Problem
Every line in the listing below from the one with "Аэратор и скарификатор" through the one with "Rapporto medico-paziente, presentato" is to be reproduced exactly, both ends included; leave out the rest.

Records
BEGIN
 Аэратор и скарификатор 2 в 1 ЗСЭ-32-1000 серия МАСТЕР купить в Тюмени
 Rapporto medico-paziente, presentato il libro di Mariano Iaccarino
END
BEGIN
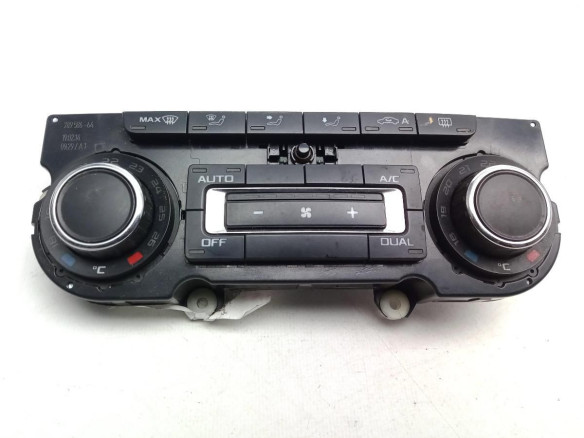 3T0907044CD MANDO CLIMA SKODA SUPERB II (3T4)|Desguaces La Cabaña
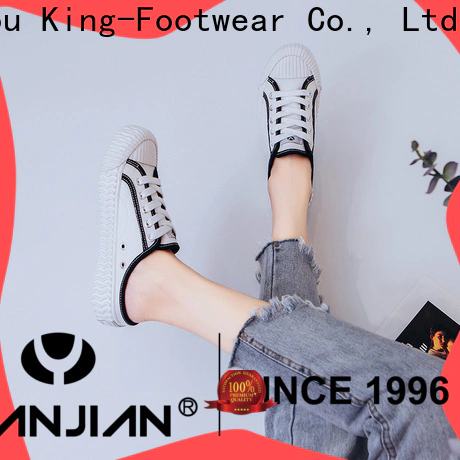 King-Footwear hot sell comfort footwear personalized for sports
END
BEGIN
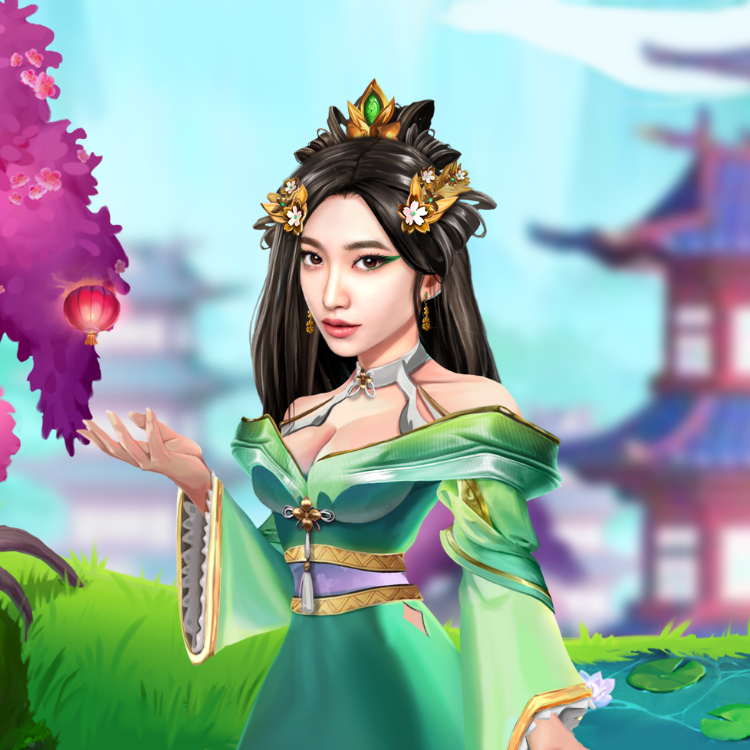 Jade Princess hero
END
Exercise response
 Аэратор и скарификатор 2 в 1 ЗСЭ-32-1000 серия МАСТЕР купить в Тюмени
 Rapporto medico-paziente, presentato il libro di Mariano Iaccarino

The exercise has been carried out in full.